**ACTIVITY:** Please output, without any change, the lines of the material below from the very first through the one with "of young Indian".
-- DATA follows --
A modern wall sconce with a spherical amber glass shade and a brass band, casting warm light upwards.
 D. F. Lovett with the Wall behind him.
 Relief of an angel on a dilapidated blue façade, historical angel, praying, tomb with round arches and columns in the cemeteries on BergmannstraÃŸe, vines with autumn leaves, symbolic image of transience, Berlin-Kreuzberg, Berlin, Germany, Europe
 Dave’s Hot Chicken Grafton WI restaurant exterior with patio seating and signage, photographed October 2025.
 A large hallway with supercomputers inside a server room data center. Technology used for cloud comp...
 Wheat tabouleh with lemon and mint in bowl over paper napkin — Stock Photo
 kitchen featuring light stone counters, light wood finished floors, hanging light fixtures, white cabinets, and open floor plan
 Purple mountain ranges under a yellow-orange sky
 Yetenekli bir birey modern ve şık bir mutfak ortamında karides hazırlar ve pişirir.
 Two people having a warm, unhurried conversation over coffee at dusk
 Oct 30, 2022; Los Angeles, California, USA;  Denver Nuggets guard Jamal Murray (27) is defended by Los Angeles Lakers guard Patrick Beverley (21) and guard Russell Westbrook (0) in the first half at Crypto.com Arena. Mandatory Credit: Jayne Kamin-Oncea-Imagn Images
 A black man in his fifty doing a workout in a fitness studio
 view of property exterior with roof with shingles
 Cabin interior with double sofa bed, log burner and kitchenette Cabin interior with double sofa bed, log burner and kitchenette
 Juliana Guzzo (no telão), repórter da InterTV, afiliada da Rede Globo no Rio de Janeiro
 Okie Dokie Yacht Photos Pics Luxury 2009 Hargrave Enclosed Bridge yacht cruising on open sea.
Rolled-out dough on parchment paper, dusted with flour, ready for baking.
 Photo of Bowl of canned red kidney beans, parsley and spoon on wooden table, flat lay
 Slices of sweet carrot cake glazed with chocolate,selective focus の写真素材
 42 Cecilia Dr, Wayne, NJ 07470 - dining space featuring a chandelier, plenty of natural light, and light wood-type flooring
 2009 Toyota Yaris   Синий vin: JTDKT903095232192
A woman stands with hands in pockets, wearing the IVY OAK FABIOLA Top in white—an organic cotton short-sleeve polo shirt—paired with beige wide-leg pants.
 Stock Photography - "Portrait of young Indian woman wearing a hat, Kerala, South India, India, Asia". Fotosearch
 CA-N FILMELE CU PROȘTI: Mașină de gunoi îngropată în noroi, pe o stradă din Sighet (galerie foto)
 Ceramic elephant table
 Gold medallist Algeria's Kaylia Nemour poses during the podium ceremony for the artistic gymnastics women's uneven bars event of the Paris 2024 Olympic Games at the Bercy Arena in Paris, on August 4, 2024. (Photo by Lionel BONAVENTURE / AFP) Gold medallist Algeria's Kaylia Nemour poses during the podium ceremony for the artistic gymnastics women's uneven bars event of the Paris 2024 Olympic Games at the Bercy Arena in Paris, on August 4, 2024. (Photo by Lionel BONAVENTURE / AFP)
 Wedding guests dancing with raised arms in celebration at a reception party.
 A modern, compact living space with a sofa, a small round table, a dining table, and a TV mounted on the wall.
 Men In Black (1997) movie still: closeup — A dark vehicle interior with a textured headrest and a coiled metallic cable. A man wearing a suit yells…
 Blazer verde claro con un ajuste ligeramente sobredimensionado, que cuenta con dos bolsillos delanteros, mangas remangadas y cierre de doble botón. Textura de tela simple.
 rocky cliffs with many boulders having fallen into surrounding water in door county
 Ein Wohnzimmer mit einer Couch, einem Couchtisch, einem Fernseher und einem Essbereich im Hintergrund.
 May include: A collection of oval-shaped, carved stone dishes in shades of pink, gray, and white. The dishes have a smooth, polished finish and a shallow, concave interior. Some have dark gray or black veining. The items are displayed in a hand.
-- DATA concluded --
**RESULT:**
A modern wall sconce with a spherical amber glass shade and a brass band, casting warm light upwards.
 D. F. Lovett with the Wall behind him.
 Relief of an angel on a dilapidated blue façade, historical angel, praying, tomb with round arches and columns in the cemeteries on BergmannstraÃŸe, vines with autumn leaves, symbolic image of transience, Berlin-Kreuzberg, Berlin, Germany, Europe
 Dave’s Hot Chicken Grafton WI restaurant exterior with patio seating and signage, photographed October 2025.
 A large hallway with supercomputers inside a server room data center. Technology used for cloud comp...
 Wheat tabouleh with lemon and mint in bowl over paper napkin — Stock Photo
 kitchen featuring light stone counters, light wood finished floors, hanging light fixtures, white cabinets, and open floor plan
 Purple mountain ranges under a yellow-orange sky
 Yetenekli bir birey modern ve şık bir mutfak ortamında karides hazırlar ve pişirir.
 Two people having a warm, unhurried conversation over coffee at dusk
 Oct 30, 2022; Los Angeles, California, USA;  Denver Nuggets guard Jamal Murray (27) is defended by Los Angeles Lakers guard Patrick Beverley (21) and guard Russell Westbrook (0) in the first half at Crypto.com Arena. Mandatory Credit: Jayne Kamin-Oncea-Imagn Images
 A black man in his fifty doing a workout in a fitness studio
 view of property exterior with roof with shingles
 Cabin interior with double sofa bed, log burner and kitchenette Cabin interior with double sofa bed, log burner and kitchenette
 Juliana Guzzo (no telão), repórter da InterTV, afiliada da Rede Globo no Rio de Janeiro
 Okie Dokie Yacht Photos Pics Luxury 2009 Hargrave Enclosed Bridge yacht cruising on open sea.
Rolled-out dough on parchment paper, dusted with flour, ready for baking.
 Photo of Bowl of canned red kidney beans, parsley and spoon on wooden table, flat lay
 Slices of sweet carrot cake glazed with chocolate,selective focus の写真素材
 42 Cecilia Dr, Wayne, NJ 07470 - dining space featuring a chandelier, plenty of natural light, and light wood-type flooring
 2009 Toyota Yaris   Синий vin: JTDKT903095232192
A woman stands with hands in pockets, wearing the IVY OAK FABIOLA Top in white—an organic cotton short-sleeve polo shirt—paired with beige wide-leg pants.
 Stock Photography - "Portrait of young Indian woman wearing a hat, Kerala, South India, India, Asia". Fotosearch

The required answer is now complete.